I have the following function in OCaml which sums the first c elements in an array passed as an argument:
let rec sum_array c a =
if c < 0 then 0
else a.(c) + sum_array (c - 1) a;;
I happen to know what the array a is in advanced, so I'd like to set this. I tried:
fun c -> let int_array = [| 1 ; 2 ; 3 ; 4 ; 5 |] in
let rec sum_array c =
if c < 0 then 0
else int_array.(c) + sum_array (c - 1);;
But OCaml complains with an ambiguous 'Error: Syntax error', which is super helpful.
sum_array returned?In some sense your problem is that you're adding fun c -> ... in the wrong place.
Say you had a function like this:
let f count =
(count + 72 - 1) / 72
If you imagine that the hard-coded value 72 is something you would like to pre-calculate, you can rewrite the function as follows:
let f =
let line_length = 72 in
fun count -> (count + line_length - 1) / line_length
Your code is placing the array before the body of the function, but it should be inside it, between the let and a new inner function definition.
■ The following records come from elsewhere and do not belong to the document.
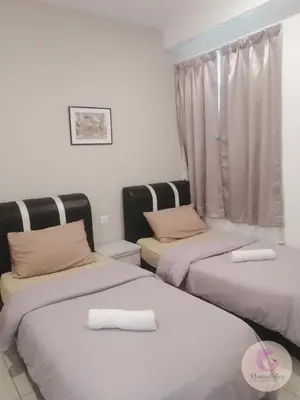 a room with three beds and a window at The Majestic Condo Ipoh Home Fairy 1 in Ipoh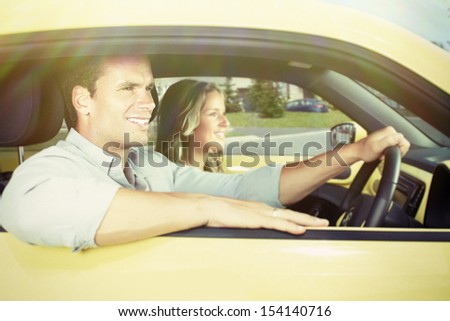 Two young smiling people in a yellow car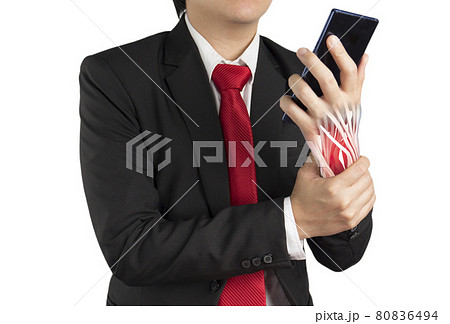 office worker holding mobile phone feels pain his wrist 80836494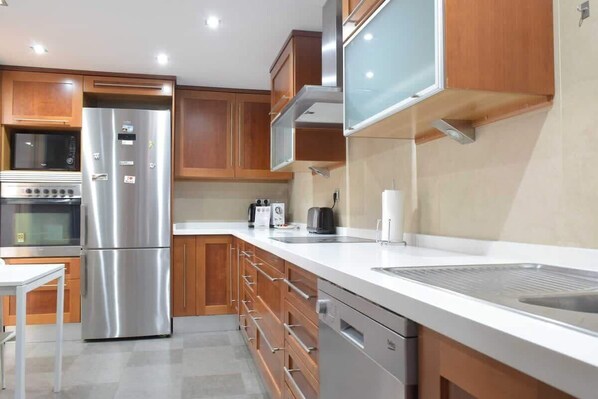 A modern kitchen with stainless steel appliances, wooden cabinets, and a white countertop.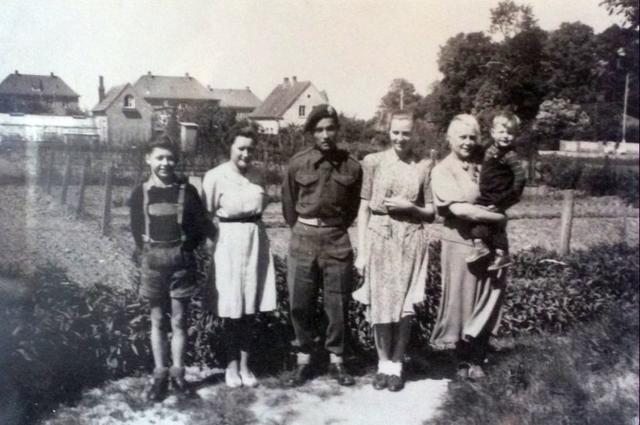 Roy Suzuki No 6 Cdo with a German family after liberating the village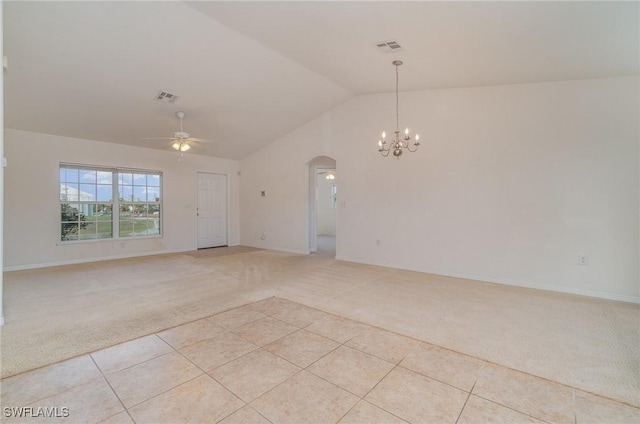 empty room with ceiling fan with notable chandelier, light tile patterned floors, and vaulted ceiling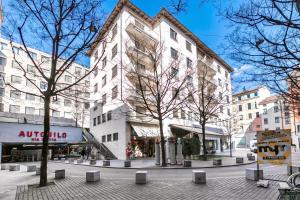 a large white building on a city street with trees at Novos Contrada in Lugano +76 photos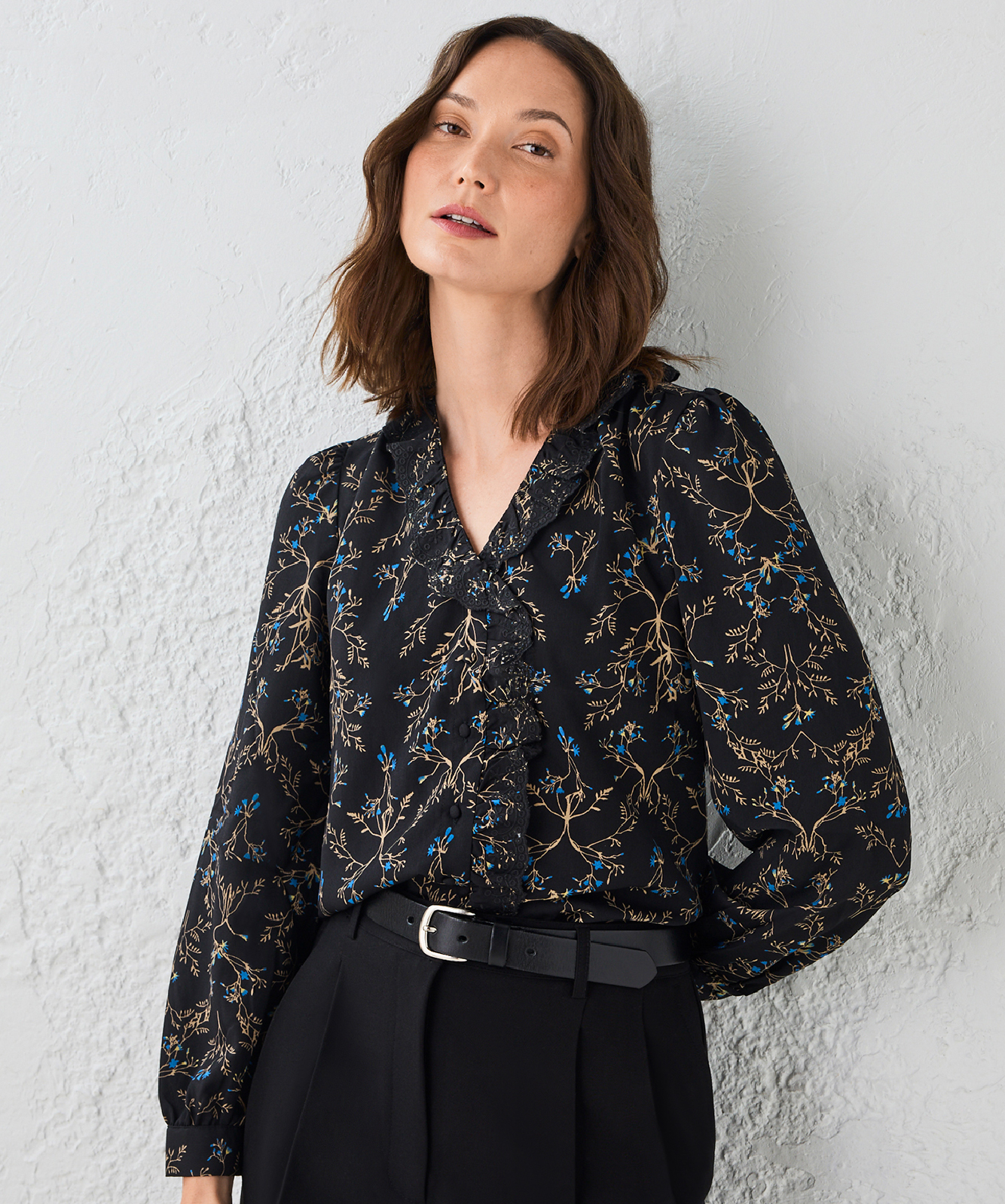 Woman in a floral blouse against a textured background.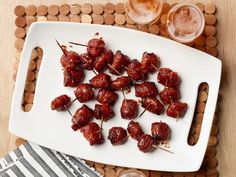 a white tray topped with lots of food on top of a wooden table next to drinks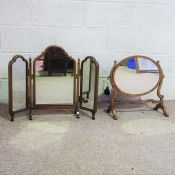 Two dressing mirrors, with with an oval plate, within curved uprights; the other with triple folding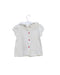 A Ivory Short Sleeve Tops from Nanos in size 6-12M for girl. (Front View)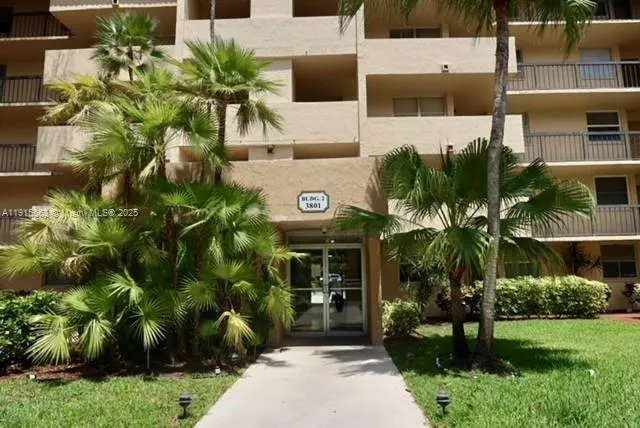 a view of a multi story building with a yard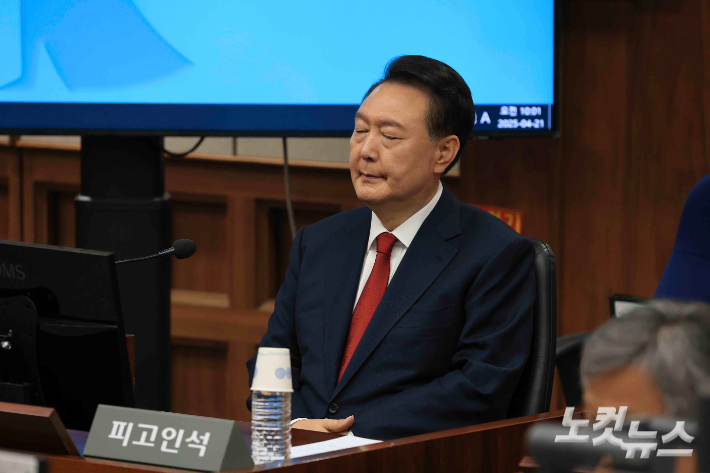 윤석열 전 대통령이 21일 서초동 서울중앙지법에서 열린 내란 우두머리 혐의에 대한 두 번째 정식 재판에 출석하고 있다. 사진공동취재단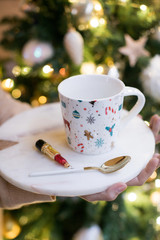 White set with a saucer and a colored mug. Festive Christmas layout.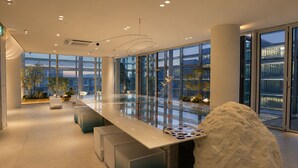 Ein modernes Interieur mit einem langen, spiegelnden Tisch, Sitzgelegenheiten und großen Fenstern mit Blick auf die Stadt.
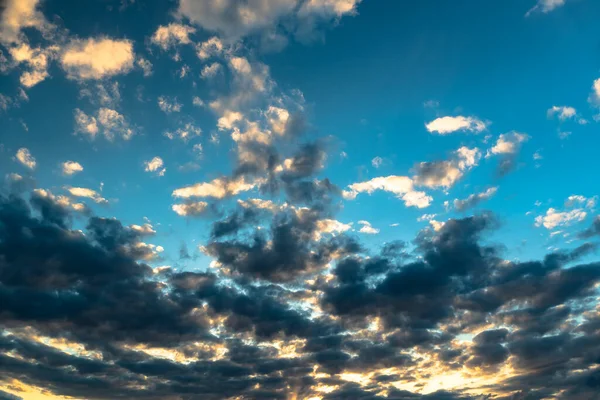 The heavenly light of the sun. Dramatic evening sky with clouds and rays of the sun. Sunlight at evening sunset or morning dawn.Panoramic view of the blue sky with clouds in motion. Blue skies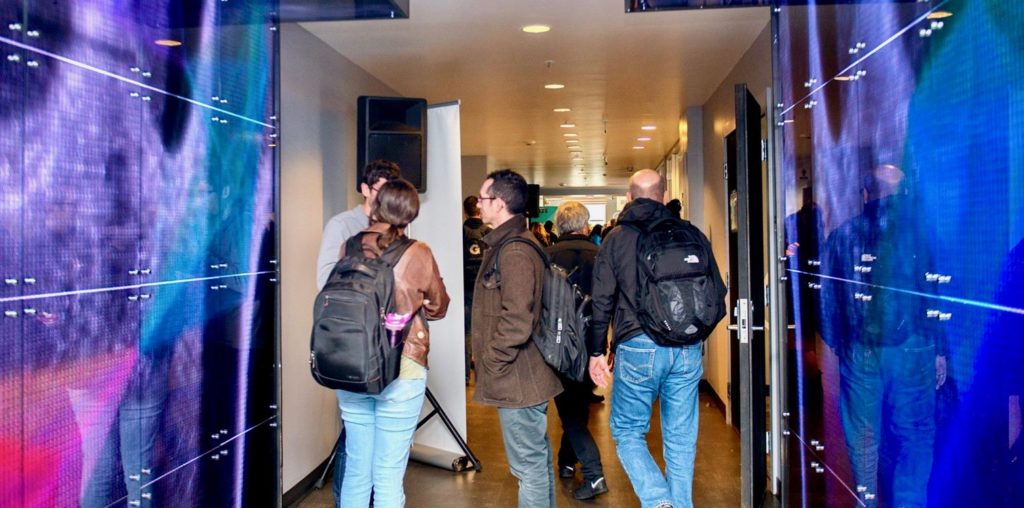 Denver Startup Week attendees walk through light-up hallway at Basecamp, located at The Commons on Champa.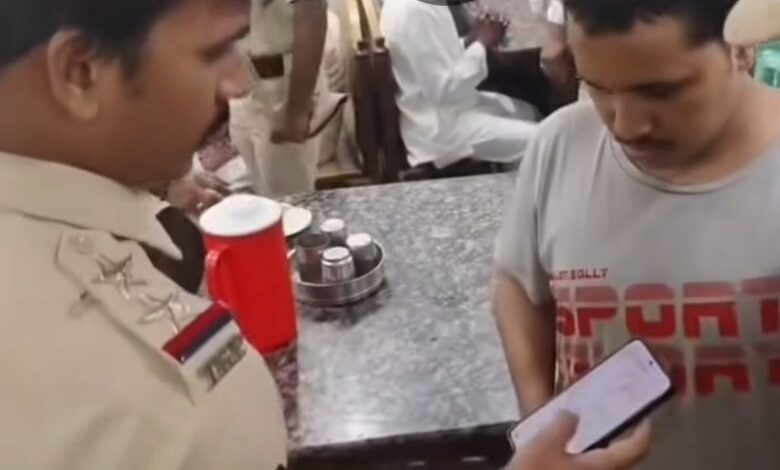 Chaderghat police officials check phones in a cafe in Hyderabad.
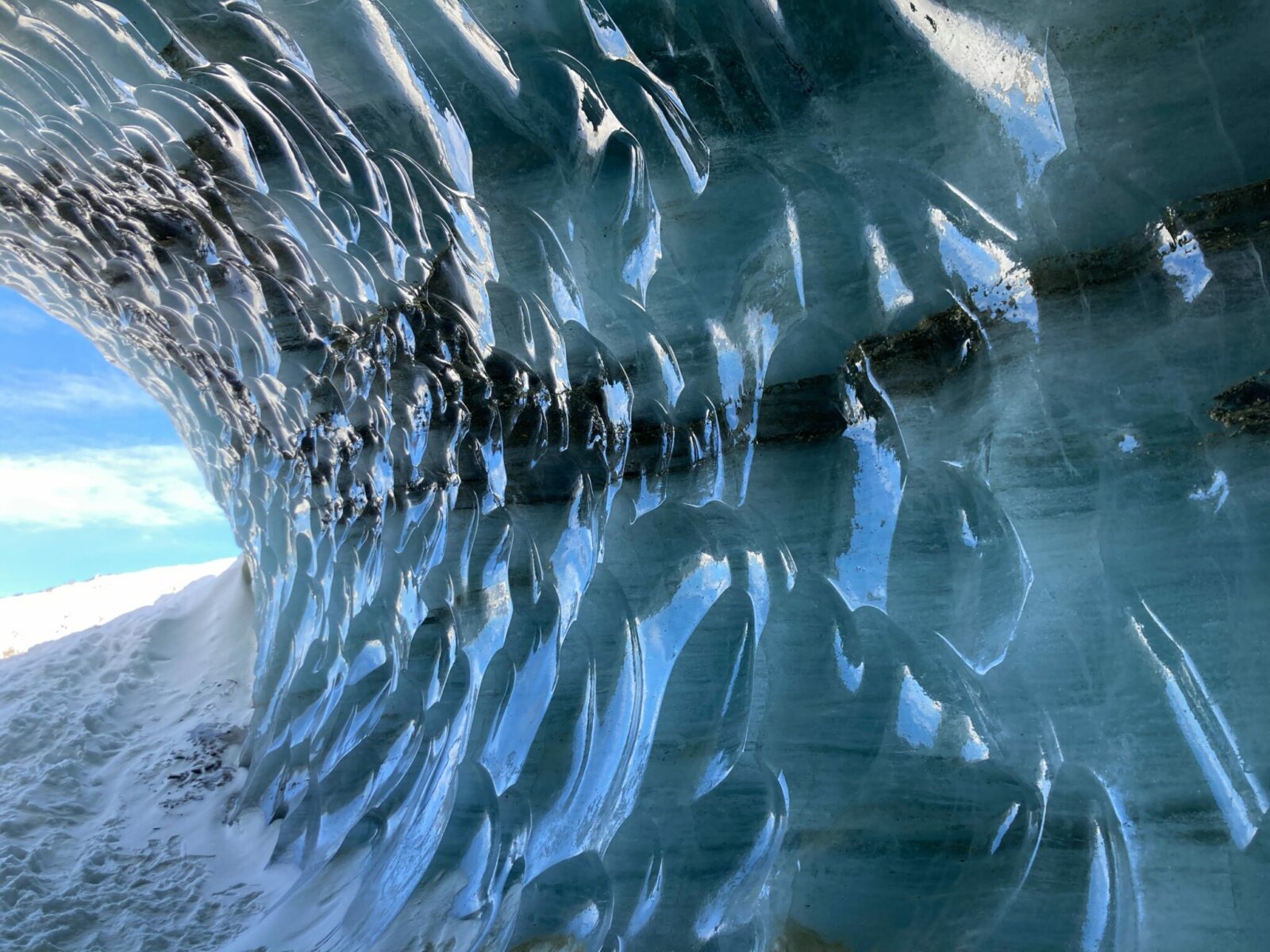 blue scallop shaped ice walls of an ice cave under Castner glacier. there are gravel brown streaks in the blue ice and the suns reflection is hitting it even though it is not in direct sunlight. There is a bit of snow around the cave entrance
Your case is particularly tricky because your function is recursive. So you can't switch over to the fun c -> ... form. Instead you can retain the original let-based definition locally. For the contrived example, it would look like this:
let f =
let line_length = 72 in
let inner_f count =
(count + line_length - 1) / line_length
in
inner_f
(As a side comment, your code sums the first c+1 elements of the array, not the first c elements.)